WHAT TO WORK ON:
Could you set down the records below exactly as they are, with no pictures?

THE RECORDS:
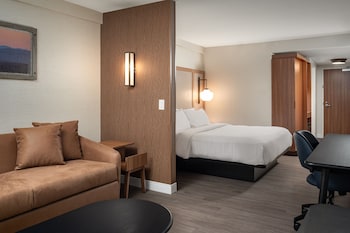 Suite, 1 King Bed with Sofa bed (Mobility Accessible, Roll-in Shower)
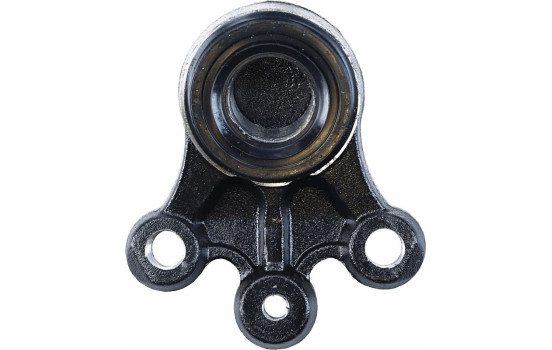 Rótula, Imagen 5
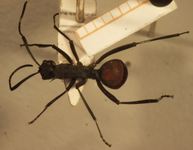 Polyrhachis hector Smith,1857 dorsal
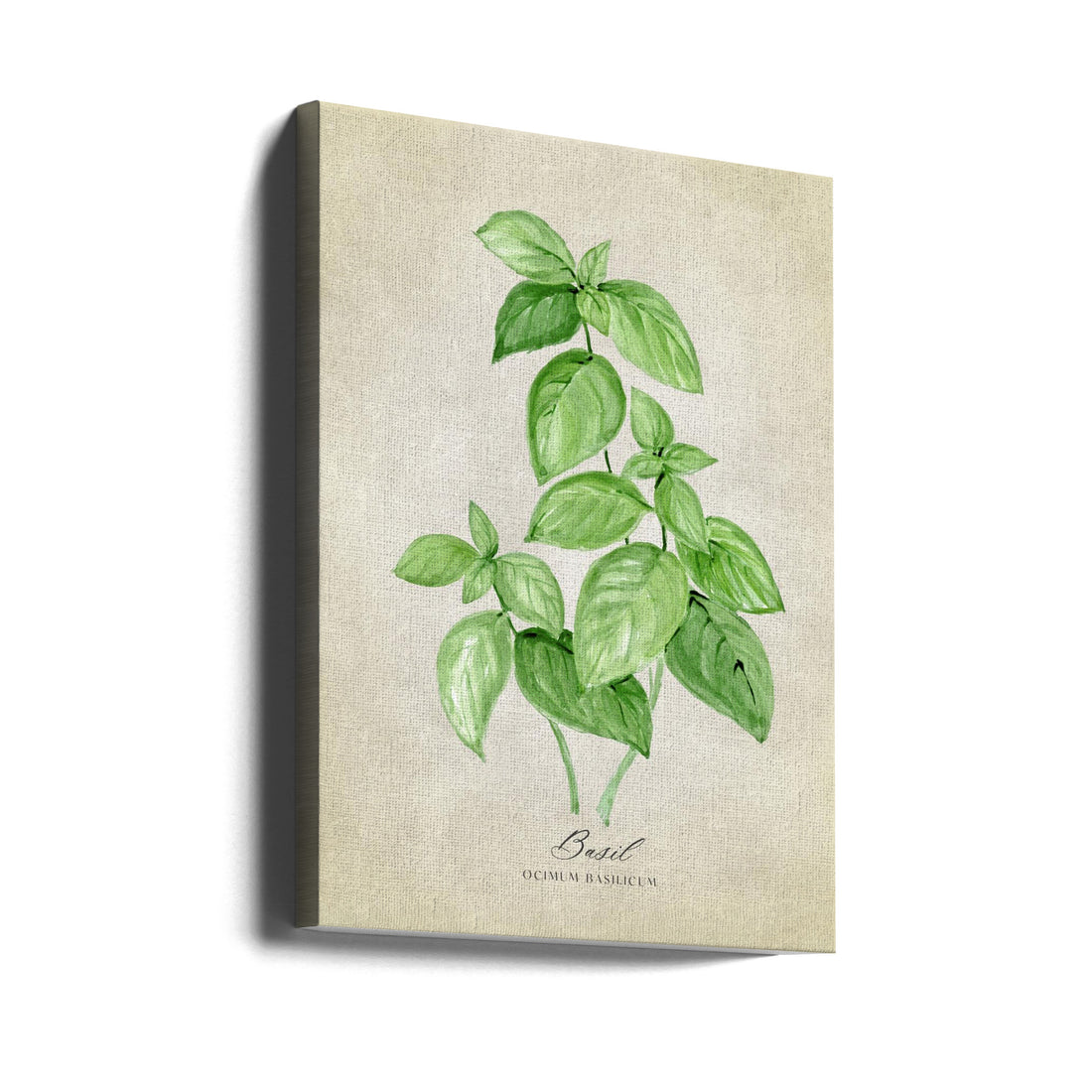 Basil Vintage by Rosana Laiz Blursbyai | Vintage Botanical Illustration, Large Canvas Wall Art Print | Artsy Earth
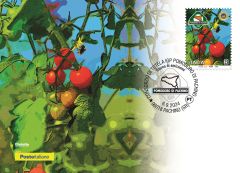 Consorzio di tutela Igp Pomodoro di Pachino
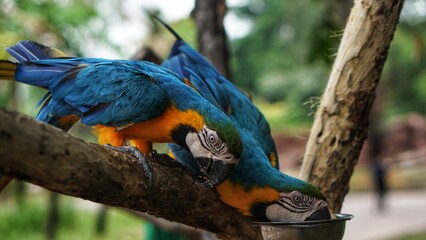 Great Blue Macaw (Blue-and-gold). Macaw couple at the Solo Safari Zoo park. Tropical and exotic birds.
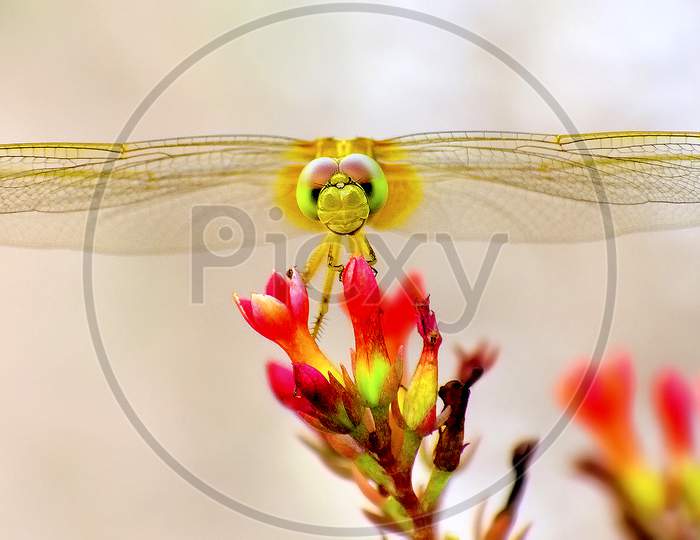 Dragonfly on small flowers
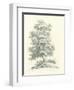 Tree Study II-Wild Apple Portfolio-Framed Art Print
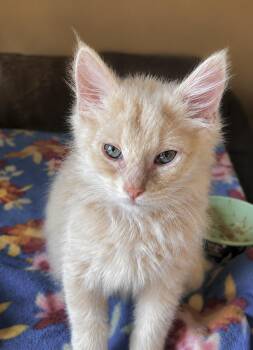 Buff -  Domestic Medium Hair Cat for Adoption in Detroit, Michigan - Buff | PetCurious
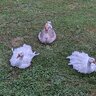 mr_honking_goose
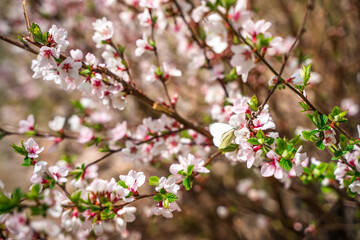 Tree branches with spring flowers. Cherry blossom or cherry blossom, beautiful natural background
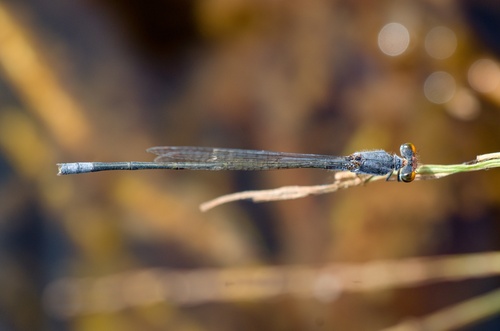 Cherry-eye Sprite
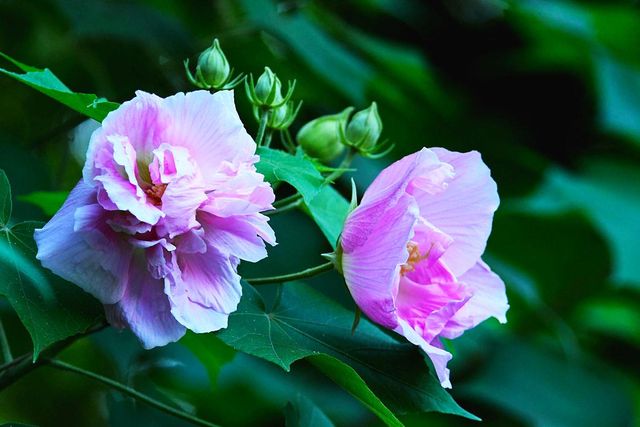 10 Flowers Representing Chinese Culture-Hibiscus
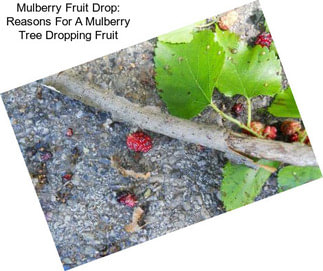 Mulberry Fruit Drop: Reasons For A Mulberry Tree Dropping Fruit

RESPONSE:
 Suite, 1 King Bed with Sofa bed (Mobility Accessible, Roll-in Shower)
 Rótula, Imagen 5
 Polyrhachis hector Smith,1857 dorsal
 Basil Vintage by Rosana Laiz Blursbyai | Vintage Botanical Illustration, Large Canvas Wall Art Print | Artsy Earth
 Consorzio di tutela Igp Pomodoro di Pachino
 Great Blue Macaw (Blue-and-gold). Macaw couple at the Solo Safari Zoo park. Tropical and exotic birds.
 Dragonfly on small flowers
 Tree Study II-Wild Apple Portfolio-Framed Art Print
 Buff -  Domestic Medium Hair Cat for Adoption in Detroit, Michigan - Buff | PetCurious
 mr_honking_goose
 Tree branches with spring flowers. Cherry blossom or cherry blossom, beautiful natural background
 Cherry-eye Sprite
 10 Flowers Representing Chinese Culture-Hibiscus
 Mulberry Fruit Drop: Reasons For A Mulberry Tree Dropping Fruit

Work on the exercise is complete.